(1.) One common question arises in all these second appeals and that is whether certain lands which were granted to the holders of two offices of swastivachakam and vedaparayanam are liable to contribution under Section 69 of the Madras Hindu Religious Endowments Act, Under that section: Every math or temple and every specific endowment attached to a math or temple shall pay annually for meeting the expenses of the Board such contribution not exceeding one and a half per-centum of its income as the Board may determine. And endowment is defined by Section 9(11) as meaning: all property belonging to, or given or endowed for the support of, maths or temples or for the performance of any service or charity connected therewith and includes the premises of maths or temples but does not include gifts of property made as personal gifts or offerings to the head of a math or to the archaka or other employee of a temple.
(2.) There is an observation of Curgenven, J., in Kotayya V/s. Tellamanda , to the effect that the definition of an endowment in Section 9 is wide enough to include properties which were given to the temple servants burdened with the performance of services connected with the temple. The learned Judge expressed his opinion on page 733 thus: An endowment includes (I am going to quote only the relevant portion) property given or endowed for the performance of any service connected with the temple . Ordinarily speaking the word endowment, I think, is restricted to property the title to which vests jn the institution endowed. But this definition is very wide and I am not prepared to say that a service inam held by a temple servant would not fall within it.

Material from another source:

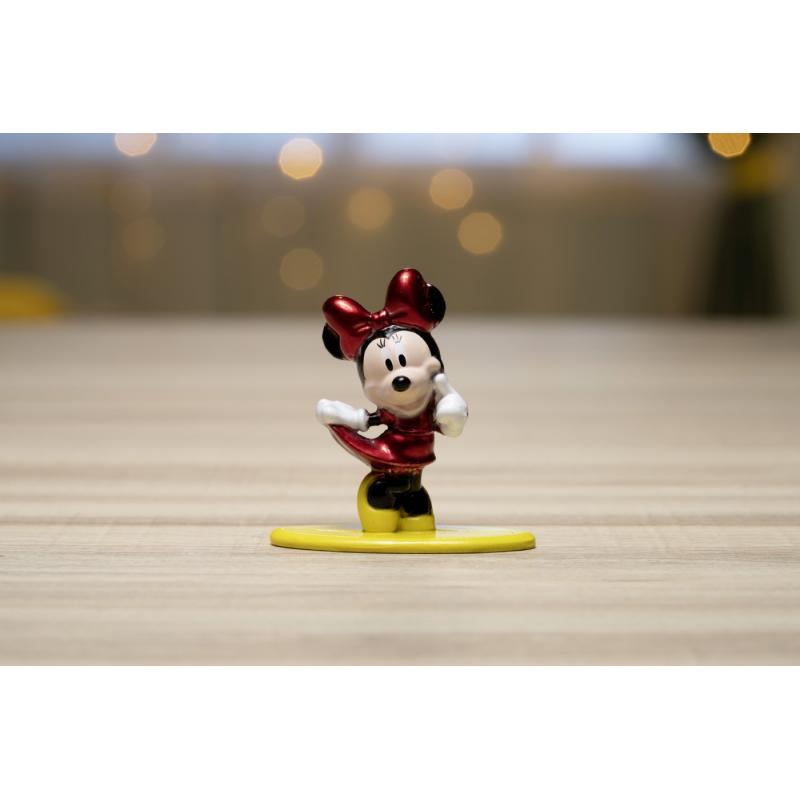 JADA DISNEY 100 FIGURINA NANO METALICA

(3.) That this is mere obiter is shown by the fact that notwithstanding this expression of opinion, the learned Judge held that as the case before him arose under Section 44, which required a charge on the property and there was no charge in that case, no order could be passed under Section 44. Hence it is only an expression of opinion, though it be a strong expression of opinion. In the Hindu Religious Endowments Board, Madras V/s. Ghavali Vallayya S.A. No. 443 of 1943, the question arose directly for decision. That was a suit for contribution and the property involved was one which the learned Judge held was an archaka service inam and not a grant to the temple itself. Nevertheless, the learned Judge, Horwill, J., held that under Section 69, the property was liable to contribute. The learned Judge while referring to the definition of the expression "religious endowment"did not set out Section 9(11) in full but mentioned only this: All property.endowed for the support of maths or temples or for the performance of any service.connected therewith." and then expressed a strong view in favour of his conclusion and he relied upon the opinion of Curgenven, J., in the decision already referred to in Kotayya V/s. Yellamanda . Neither Judge referred to the last portion of the definition in Section 9 11) where it says that the endowment " does not include gifts of property made as personal gifts or offerings to the head of a math or to the archaka or other employee of a temple.